The Future of Aviation, LaHood Style

By Robert Mark on May 17th, 2010

OK, I might as well just come out and say it right from the start … I’m pretty miffed. But I’ve actually been angry since the NBAA convention in Florida last fall when I heard Tom Buffenbarger, president of the International Association of Machinists, speak to the crowd on opening day. He explained that he’d been trying to convince President Obama to stop in at Wichita for a visit of the vast general and business aviation manufacturing arm that been there for 50 or 60 years. So far, the President hasn’t yet made the trip.

imageIt’s not the President’s lack of attention to business aviation that has me upset this time though. Nope, it’s this silly Future of Aviation Advisory Committee Transportation Secretary Ray LaHood announced in March that really burns me.

The committee will focus principally on five issue areas:  ensuring aviation safety, ensuring a world-class aviation workforce, balancing the industry’s competitiveness and viability, securing stable funding for aviation systems, and addressing environmental challenges and solutions. 

The DOT last week announced the 19 members who will make up the panel.
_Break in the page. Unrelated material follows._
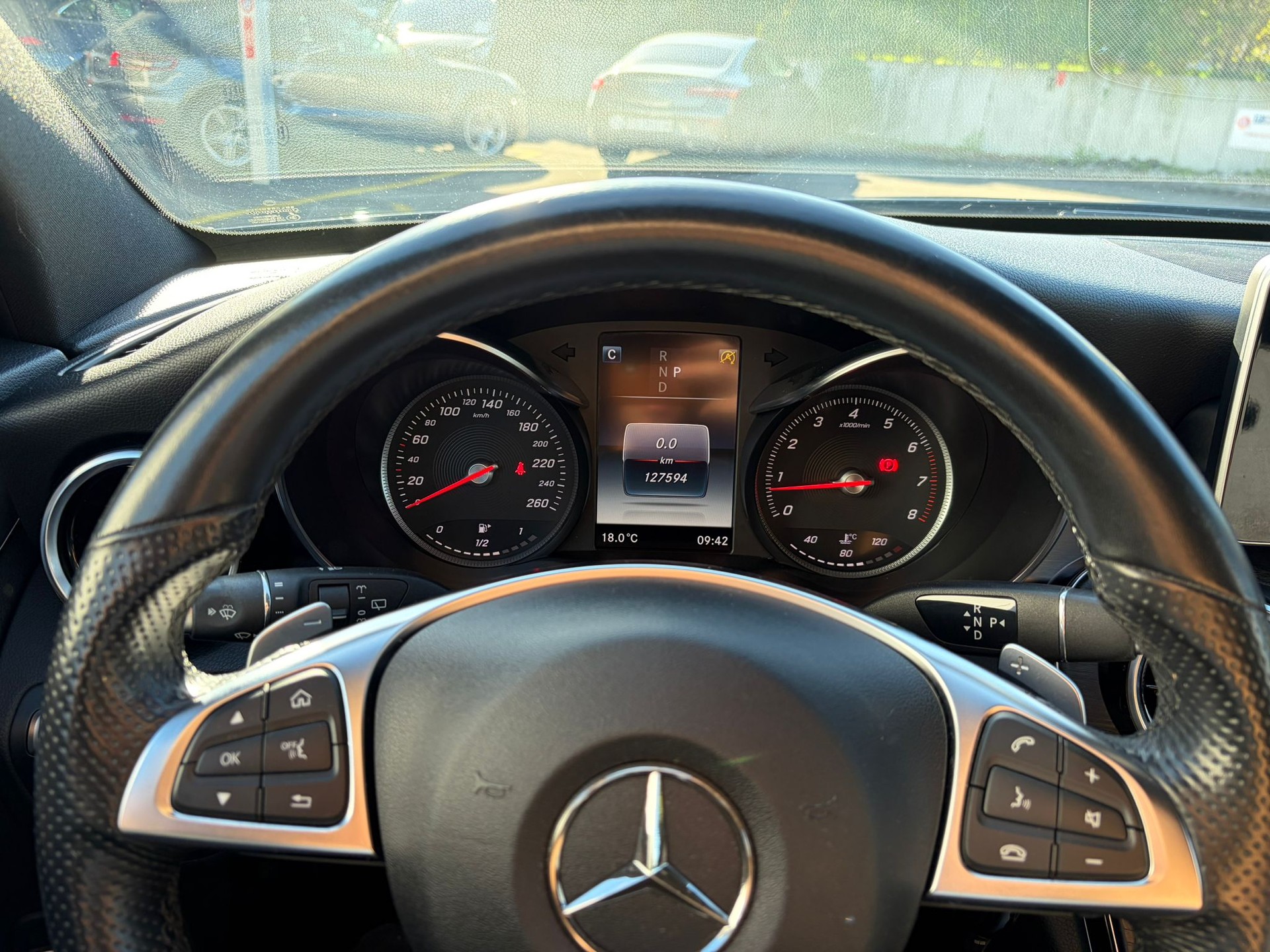MERCEDES-BENZ C 180 AMG Line 9G-Tronic-image-10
The cast of characters is pretty much whom you’d expect, Patricia Friend, president of the flight attendants union, CEOs Glenn Tilton from United, David Barger from JetBlue and Robert LeKites from UPS, not to mention a few airport CEOs like Paul Regalado from Nashville and Thella Bowens from San Diego, not to mention Nicole Piasecki from Boeing.
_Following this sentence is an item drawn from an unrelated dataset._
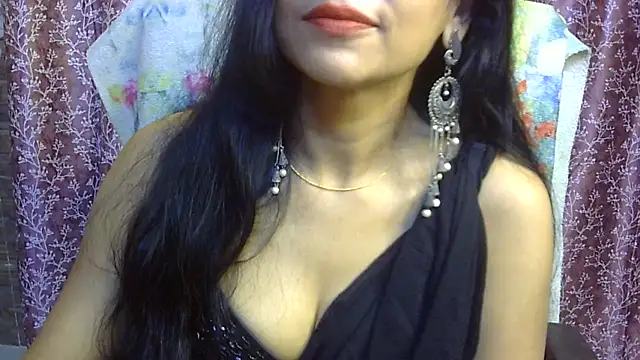 Snapshot of iam-moni2 chatting on 03.09.25 iam-moni2 online show from 03.09.25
There’s really only one guy who seems the odd man out. That’s Cessna’s CEO Jack Pelton. It’s not that there’s anything wrong with Jack. Quite the opposite in fact. He’s a personable, bright guy who’s had aviation blood running through his veins since he was a kid. And, of course, he just happens to run a company that produces more business aviation airplanes each year than any other on the face of the Earth.

The real problem with this big Aviation Advisory committee meeting that begins next week is that Jack Pelton’s the ONLY guy in the group that doesn’t somehow relate to the airline industry. Hello Mr. LaHood! I know you’re only an Obama appointee, but I’m from Illinois too, so please hear me out.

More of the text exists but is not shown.